WHAT IS EXPECTED: Taking the line with "LAMPARA FRANCES DE" as the first and the line with "دوبلكس فاخرة -4" as the last, set down exactly every line in that range from the entries below, and no more.

------ PROVIDED RECORDS

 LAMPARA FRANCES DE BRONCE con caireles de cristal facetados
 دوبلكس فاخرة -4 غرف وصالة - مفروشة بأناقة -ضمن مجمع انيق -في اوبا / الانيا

------------
------ PROVIDED RECORDS

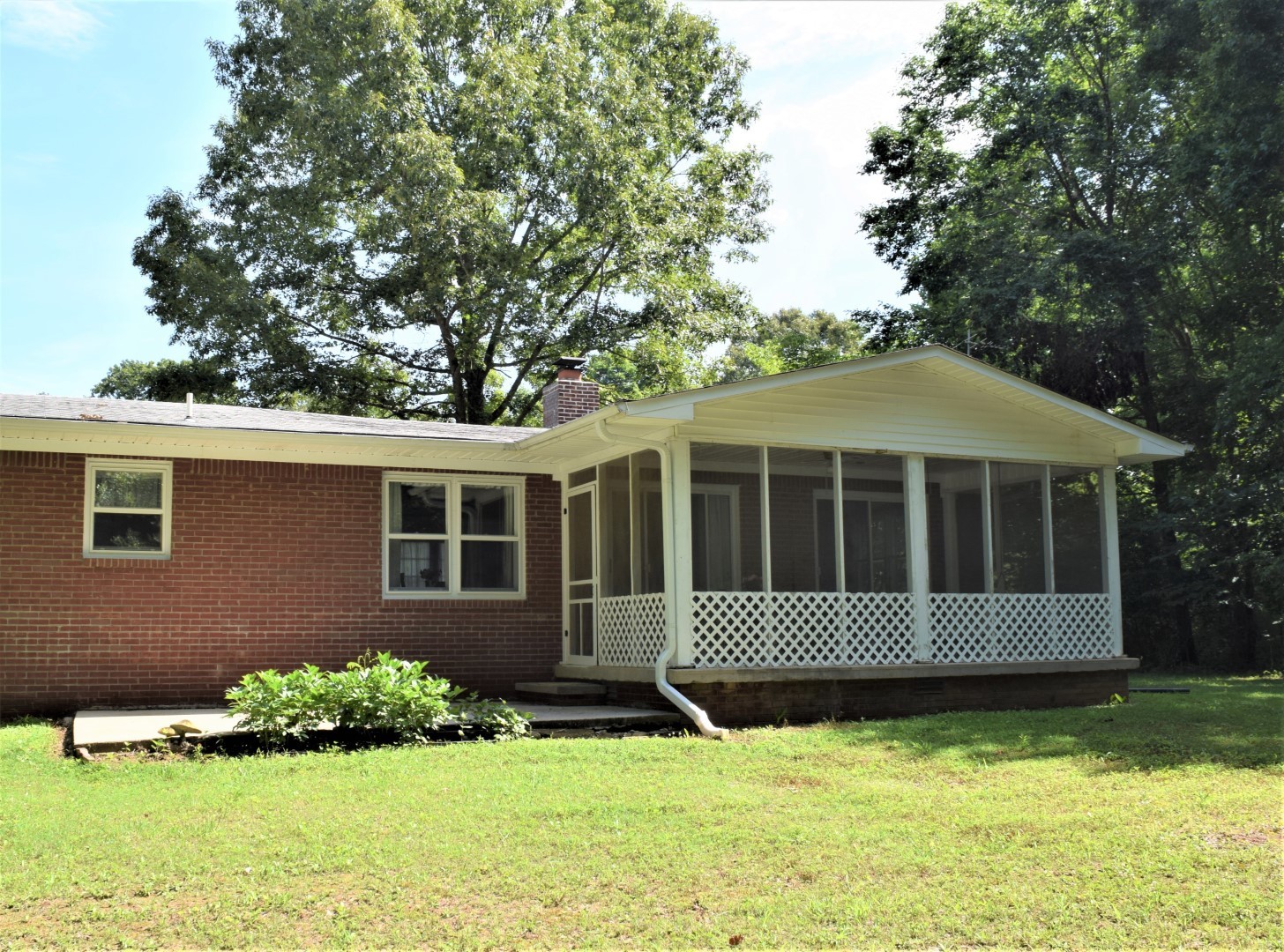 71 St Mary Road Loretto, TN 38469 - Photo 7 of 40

------------
------ PROVIDED RECORDS

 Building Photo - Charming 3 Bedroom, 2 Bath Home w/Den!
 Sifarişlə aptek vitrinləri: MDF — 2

------------

TASK OUTPUT:
 LAMPARA FRANCES DE BRONCE con caireles de cristal facetados
 دوبلكس فاخرة -4 غرف وصالة - مفروشة بأناقة -ضمن مجمع انيق -في اوبا / الانيا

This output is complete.